===== DATA =====

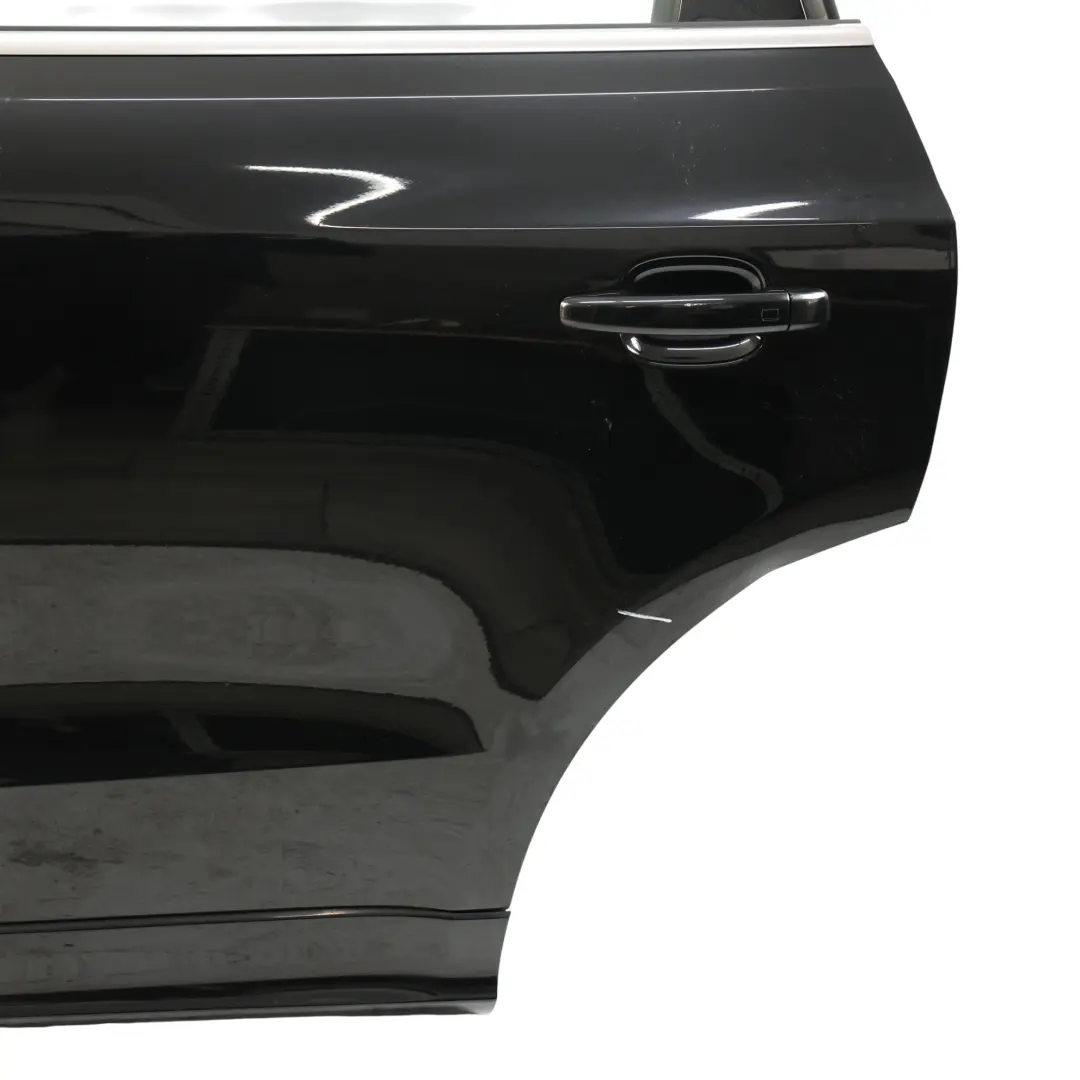 Door Rear Left N/S Panther Black Crystal Effect - Z9Z to Audi Q5 8R with Part number 8R0833051B Audi Q5 8R Door Rear Left N/S Panther Black Crystal Effect - Z9Z - SKU 8R0833051B-PHB1 - Part number 8R0833051B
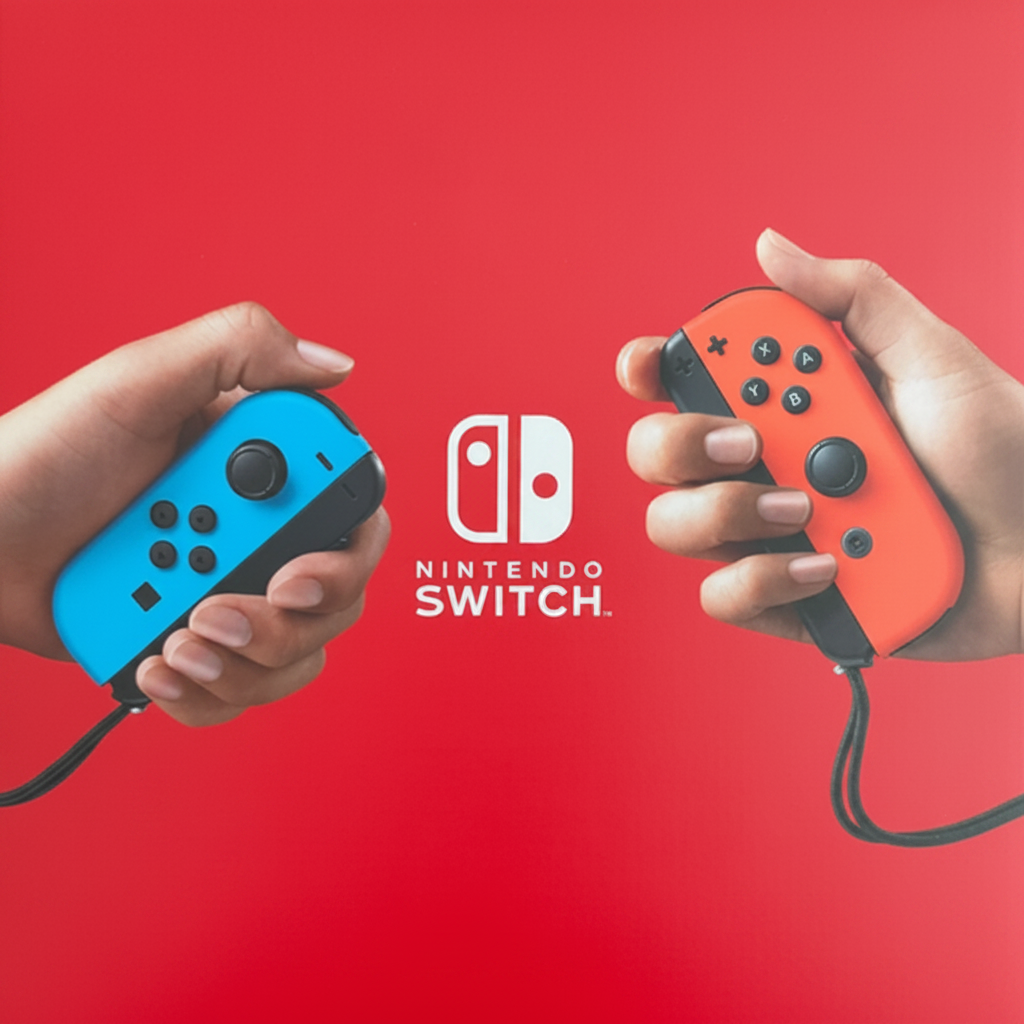 Nintendo Switch Console (2nd Generation) - Neon Blue & Neon Red
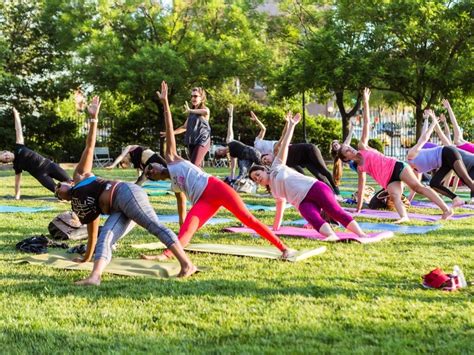 top outdoor yoga classes to try this summer in nyc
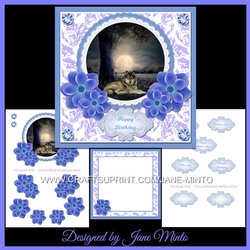 WOLF & FLOWERS MINI KIT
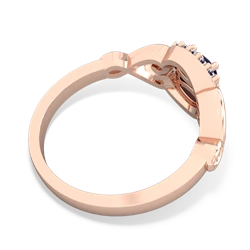 Lab Sapphire Love Nest 14K Rose Gold ring R5860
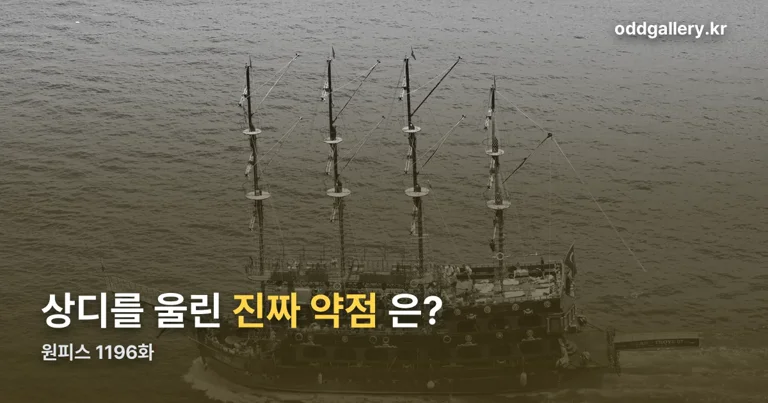 원피스 1196화 정리 썸네일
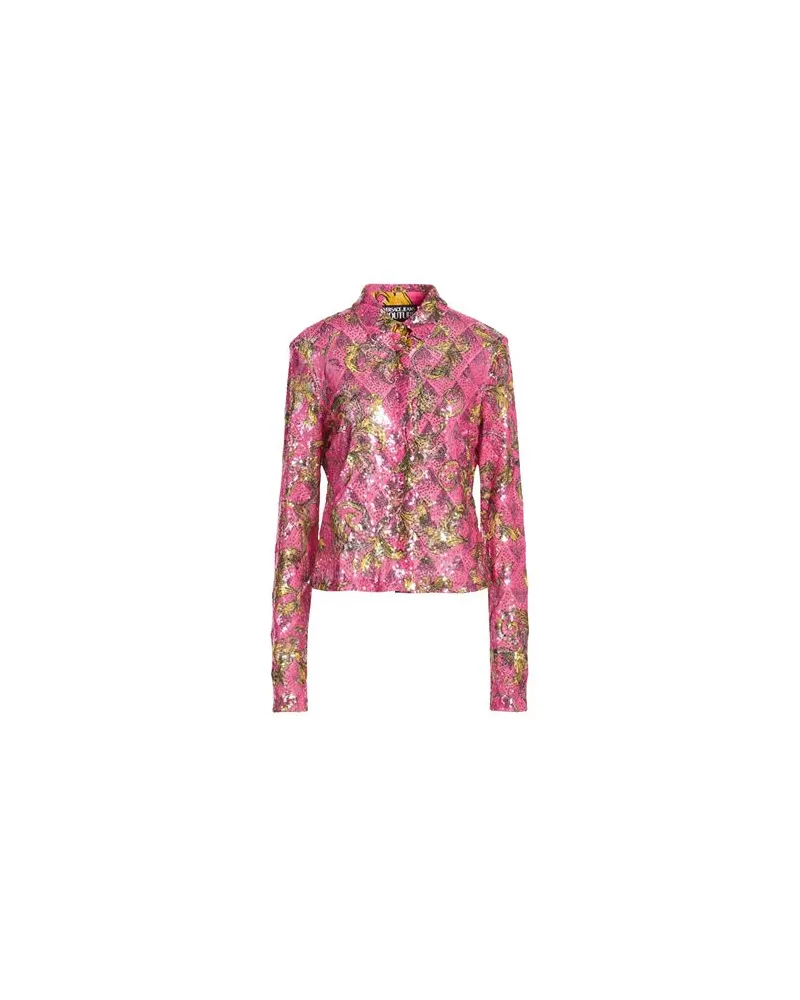 Versace Jeans TOPS - Hemdenauf YOOX.COM Fuchsia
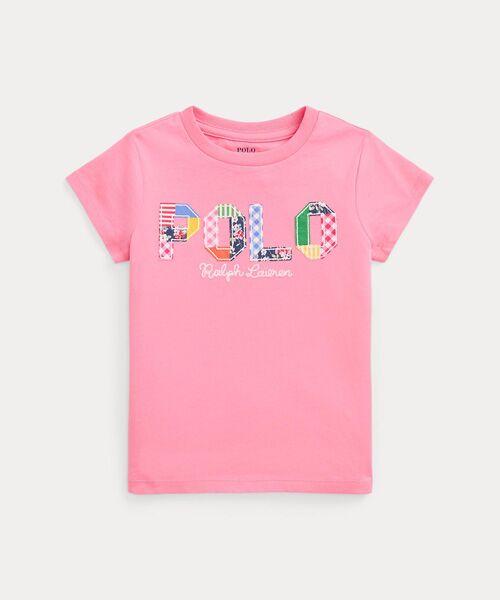 (ガールズ 2才～6才)ミックスドロゴ コットン ジャージー Tシャツ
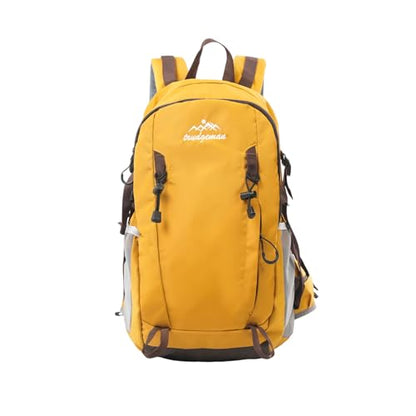 30L Hiking Backpack with Hydration Compartment Water Resistant Outdoor Daypack with Breathable Back System Rucksack for Camping Travel Daily Use Yellow - color: Yellow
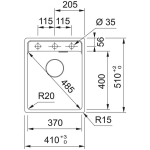 Franke Maris MRG 610-37 Fragranite Hall (114.0658.218)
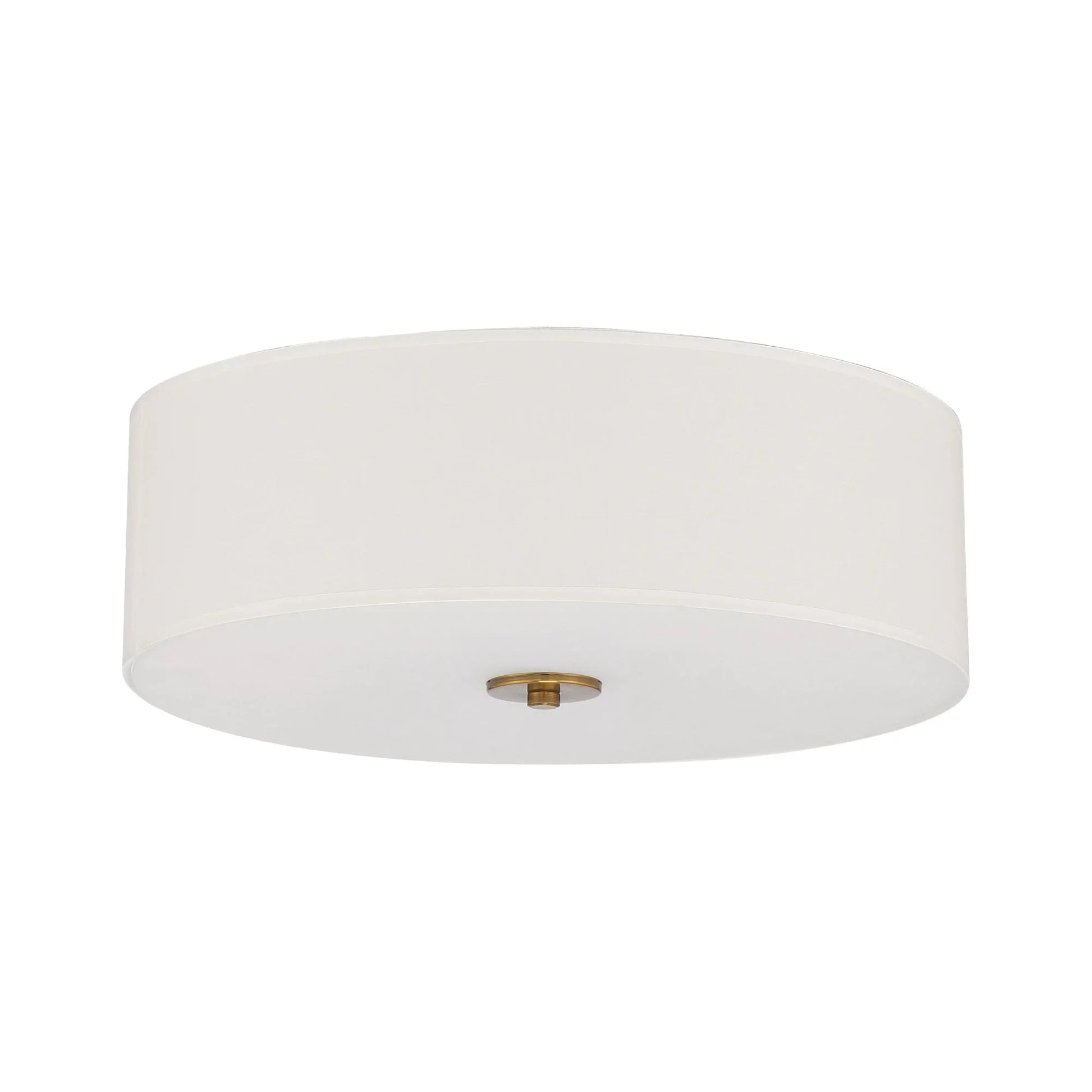 Access Lighting - Mid Town 18" LED Flush Mount, Antique Brushed Brass Finish | Bees Lighting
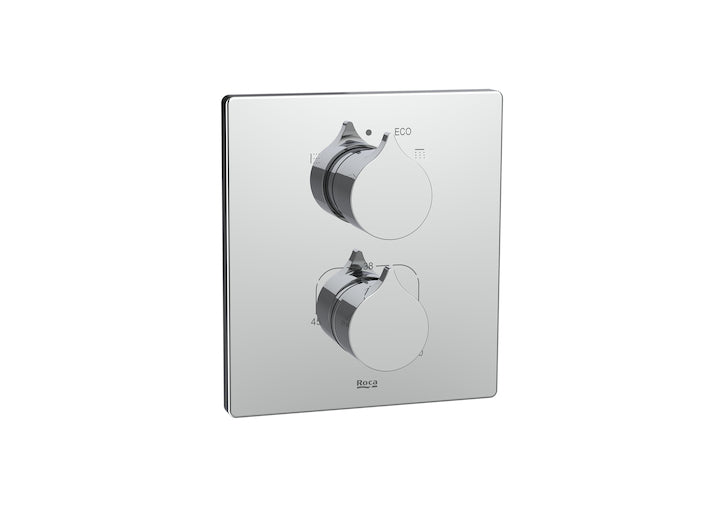 Roca Insignia Built-In 2-Way Thermostatic Shower Mixer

=====

**WHAT THE EXERCISE ASKS**
What you give back must match the lines from the start of the records through the line that contains "top outdoor yoga", exactly, with the pictures left out.

**SOLUTION**
 Door Rear Left N/S Panther Black Crystal Effect - Z9Z to Audi Q5 8R with Part number 8R0833051B Audi Q5 8R Door Rear Left N/S Panther Black Crystal Effect - Z9Z - SKU 8R0833051B-PHB1 - Part number 8R0833051B
 Nintendo Switch Console (2nd Generation) - Neon Blue & Neon Red
 top outdoor yoga classes to try this summer in nyc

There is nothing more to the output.